**TASK DESCRIPTION:**
With the pictures omitted, repeat exactly the lines below starting with the line that has "Hand holding smartphone, blank" and going on through the line that has "Exklusive Amiri Schwarze".

**PROVIDED INFORMATION:**
____________

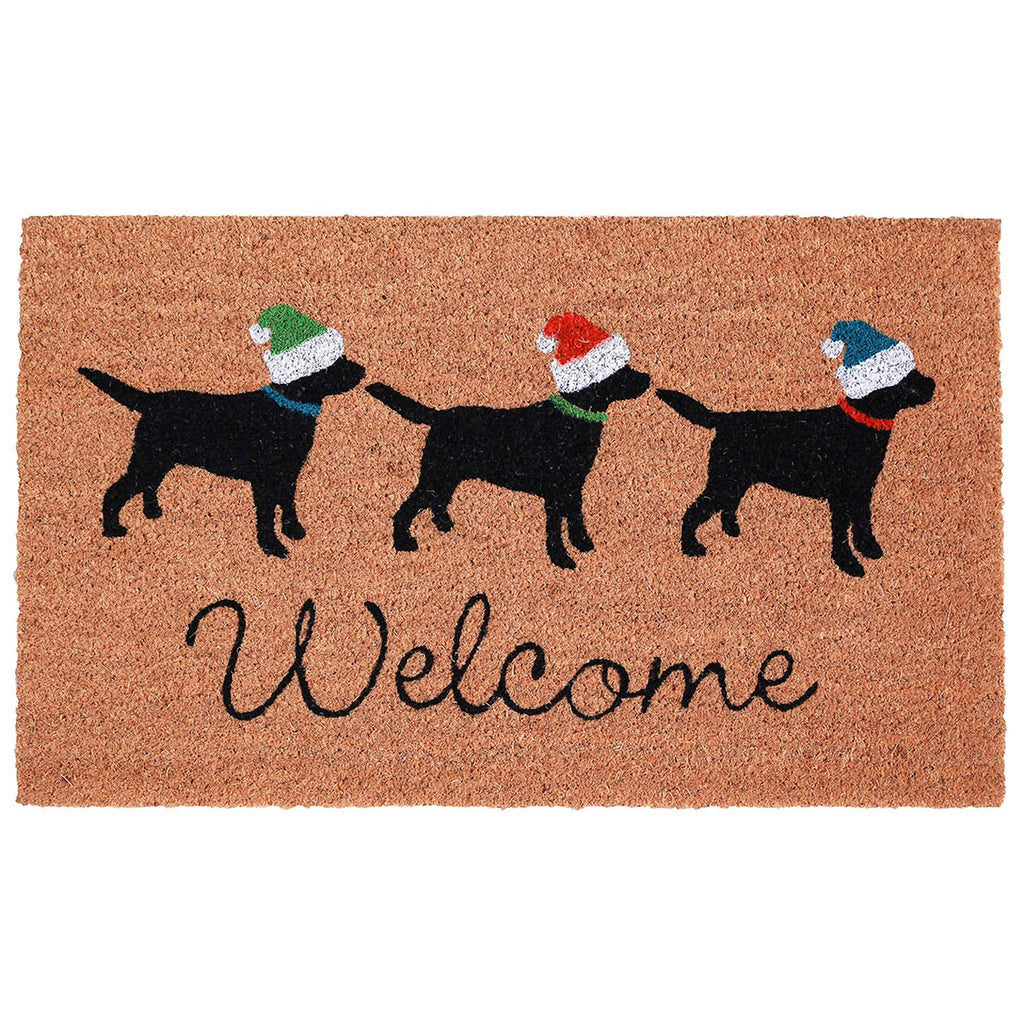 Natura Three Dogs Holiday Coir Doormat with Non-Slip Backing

____________

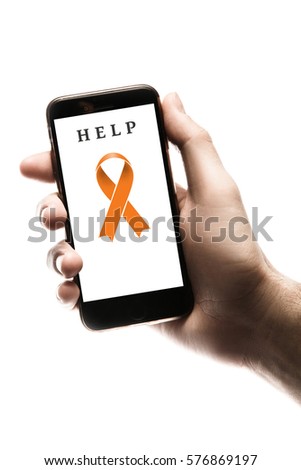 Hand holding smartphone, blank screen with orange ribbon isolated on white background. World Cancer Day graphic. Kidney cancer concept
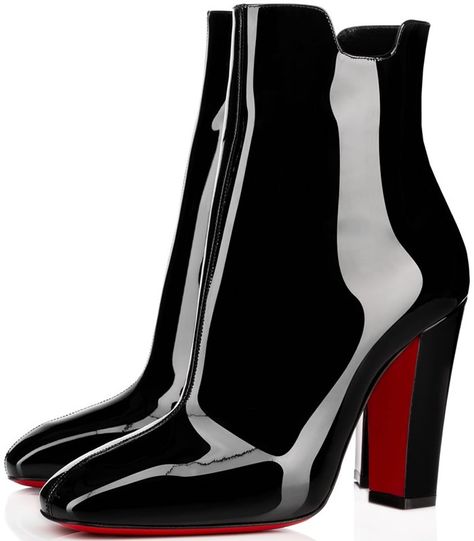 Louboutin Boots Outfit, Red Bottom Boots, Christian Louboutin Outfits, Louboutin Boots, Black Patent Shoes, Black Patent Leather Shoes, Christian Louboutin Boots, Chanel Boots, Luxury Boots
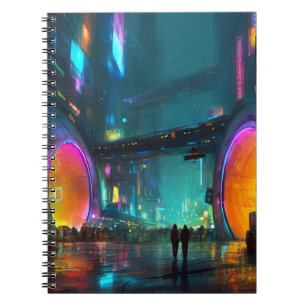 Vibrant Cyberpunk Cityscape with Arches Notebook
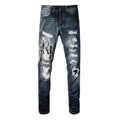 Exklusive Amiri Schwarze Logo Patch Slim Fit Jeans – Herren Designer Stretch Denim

____________

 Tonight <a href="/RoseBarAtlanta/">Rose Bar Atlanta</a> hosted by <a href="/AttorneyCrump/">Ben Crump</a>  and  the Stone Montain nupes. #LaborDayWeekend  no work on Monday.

____________

**TASK OUTPUT:**
 Hand holding smartphone, blank screen with orange ribbon isolated on white background. World Cancer Day graphic. Kidney cancer concept
 Louboutin Boots Outfit, Red Bottom Boots, Christian Louboutin Outfits, Louboutin Boots, Black Patent Shoes, Black Patent Leather Shoes, Christian Louboutin Boots, Chanel Boots, Luxury Boots
 Vibrant Cyberpunk Cityscape with Arches Notebook
 Exklusive Amiri Schwarze Logo Patch Slim Fit Jeans – Herren Designer Stretch Denim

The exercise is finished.